Content starts

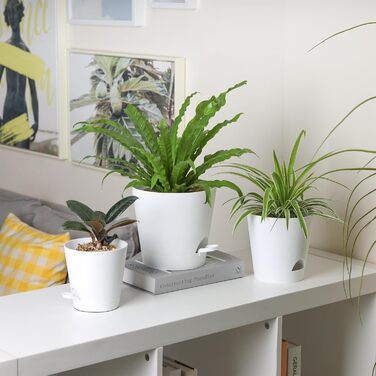 Пластиковий квітковий горщик T4U з системою поливу, набір із 6 самополивних кашпо з блюдцями, круглі кашпо для кімнатних та балконних садових рослин, сукулентів, кактусів (20 см, білий) 20 см білий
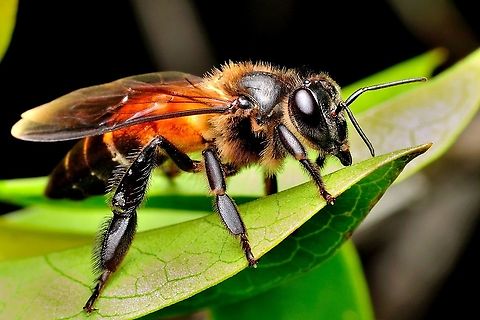 Honey bee  Apis dorsata,Fall,Geotagged,Giant honey bee,Malaysia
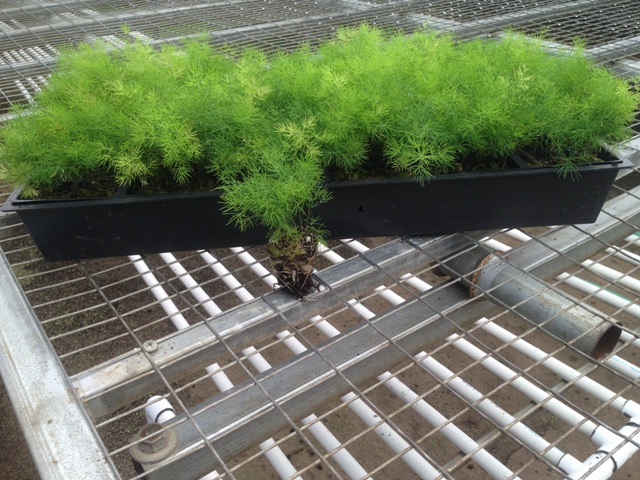 asparagus-macowanii-ming-fern-asparagus-retrofractus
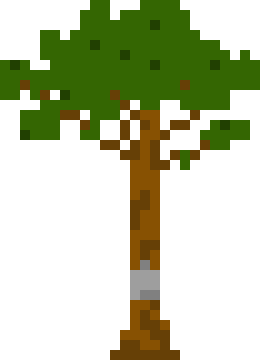 [db1555] DrainedTree2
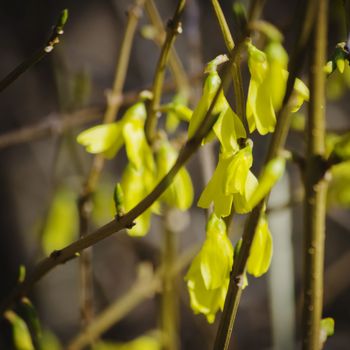 Forsythia Flower Spring Blossom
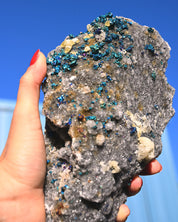Chalcopyrite on Druzy Quartz Casteel Mine 4.115 lb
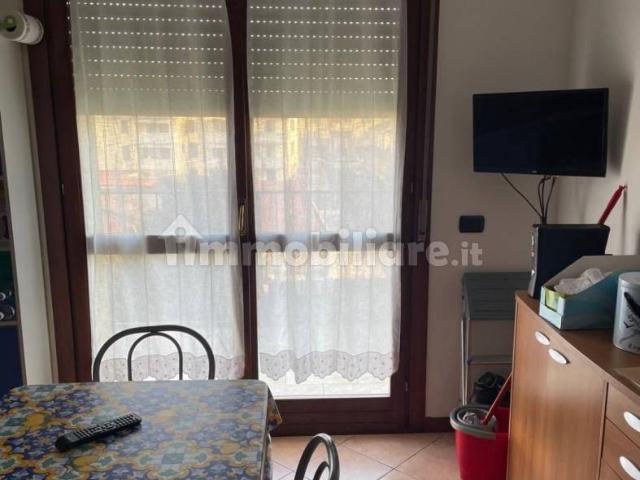 Appartamento in affitto a Viadana, Lombardia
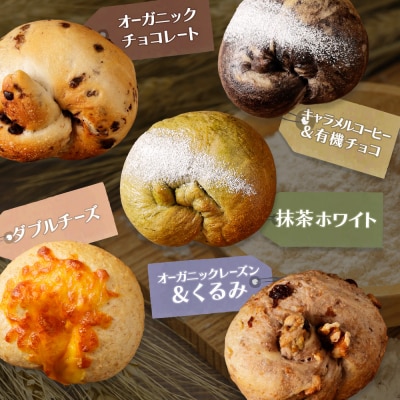 トモヱベーグル ギフトセット「北の麦輪(むぎわ)10個セット」【33000101】
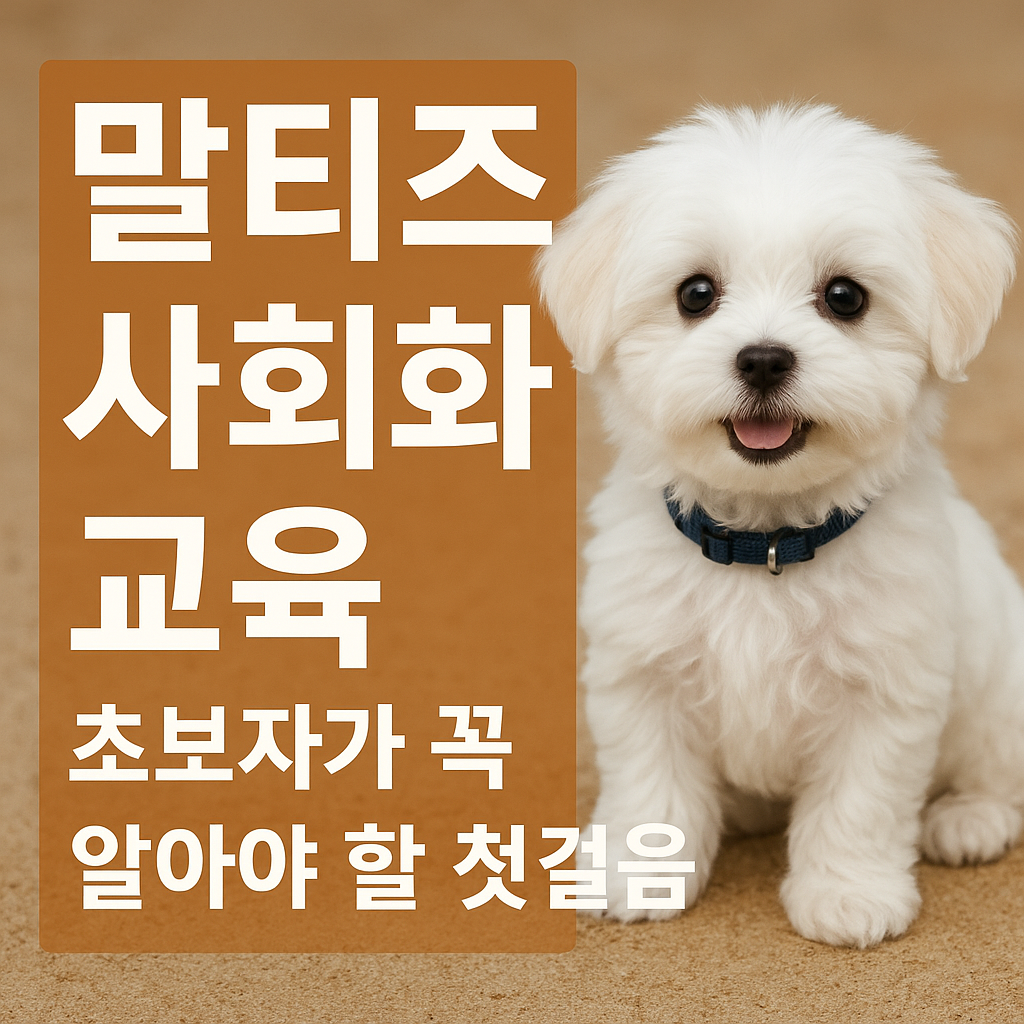 말티즈 사회화 교육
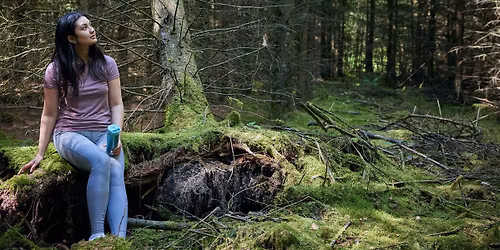 Forest Bathing at Sutton Bank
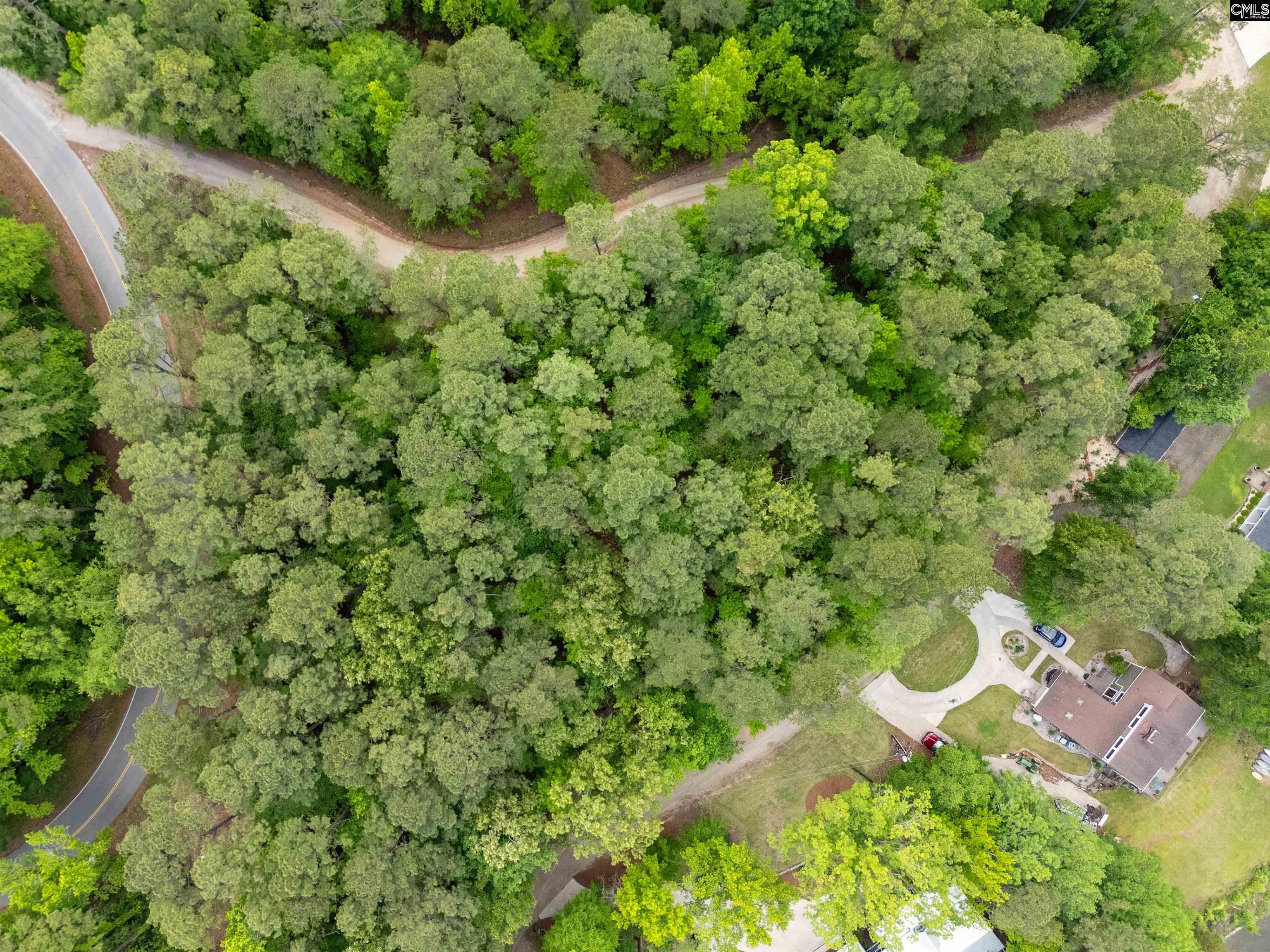 1427-3 Buck Hill Landing Road UNIT Lot 3 Ridgeway, SC 29130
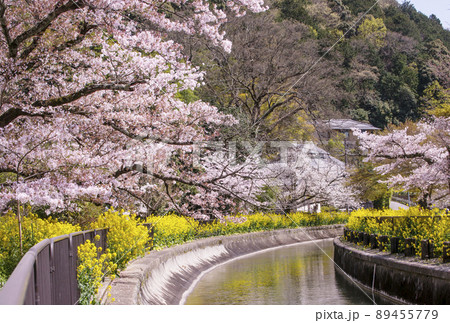 琵琶湖疎水と桜と菜の花 京都の桜名所 春の京都観光スポット 琵琶湖疎水と桜と菜の花 京都の桜名所 春の京都観光スポット 89455779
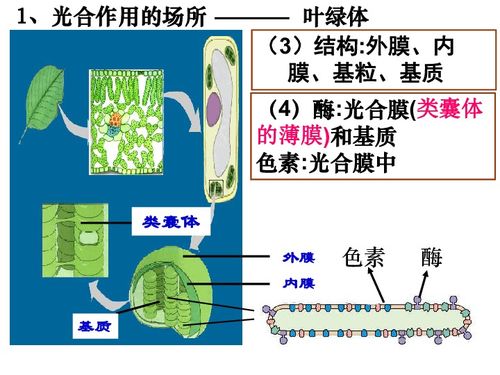 高一生物浙科版必修一 第三章 第五節 光合作用 隨堂課件 共42張ppt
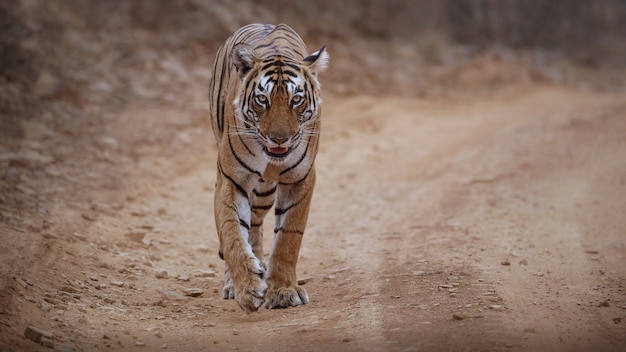 Amazing Bengal Tiger in Nature – Free Stock Photo for Download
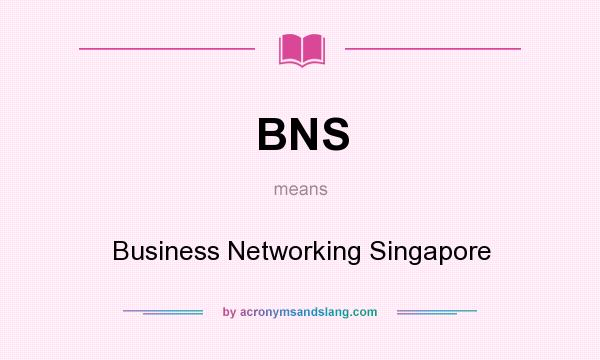 What does BNS mean? It stands for Business Networking Singapore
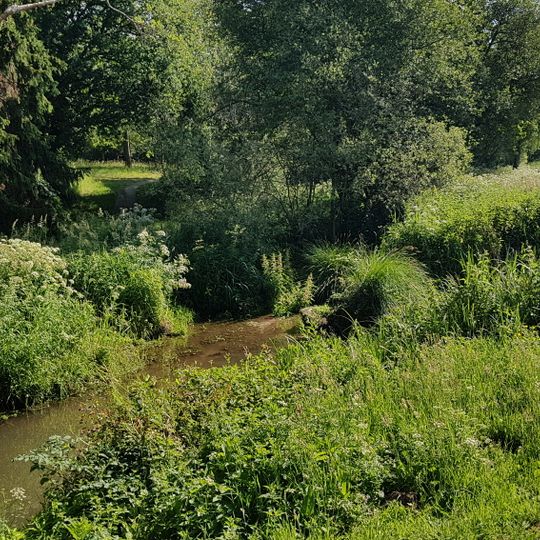 Ruisseau de Vivère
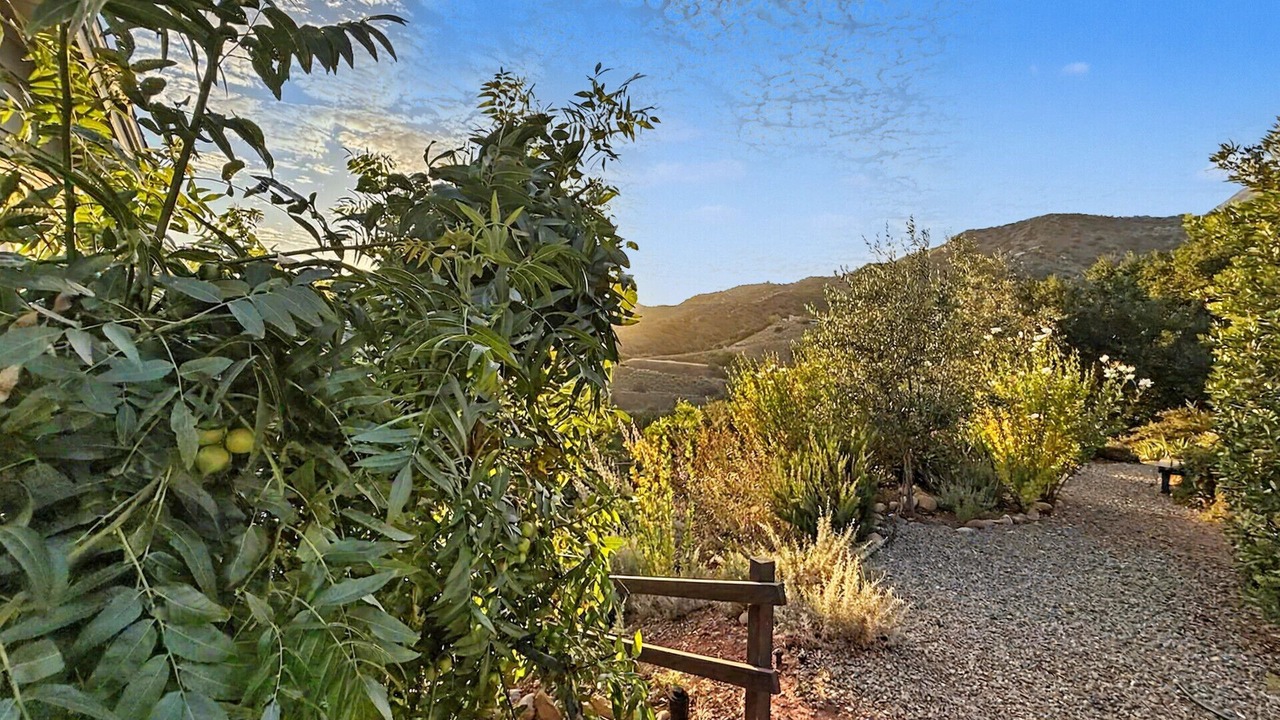 Photo of Outdoor in Ojai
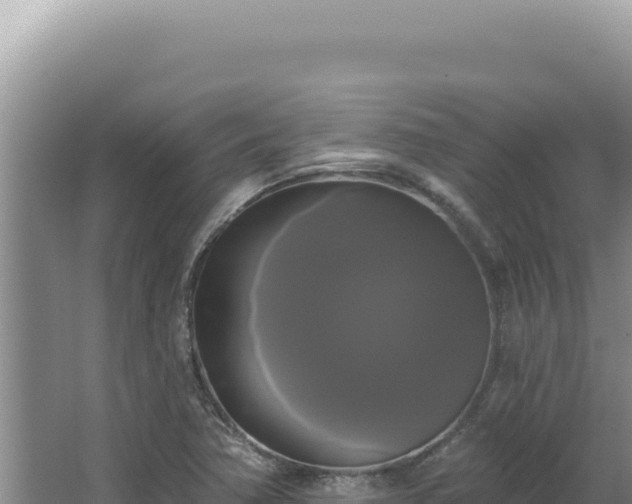 X0000064741362200602131305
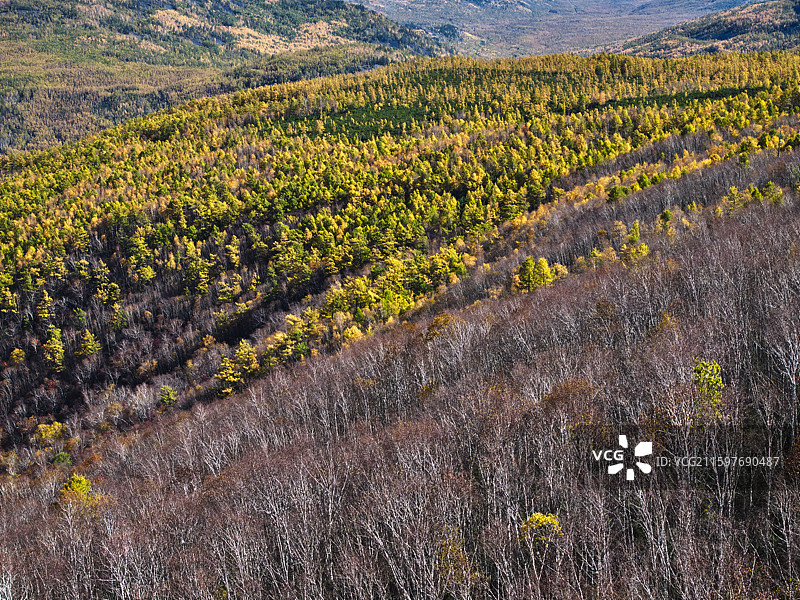 呼伦贝尔宝格偃松岭图片素材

Content ends

WHAT IS BEING ASKED: Nothing but the lines from the one holding "Ruisseau de Vivère" through the last line of the entries should be written out, exactly and inclusively, minus the pictures.

YOUR SOLUTION:
 Ruisseau de Vivère
 Photo of Outdoor in Ojai
 X0000064741362200602131305
 呼伦贝尔宝格偃松岭图片素材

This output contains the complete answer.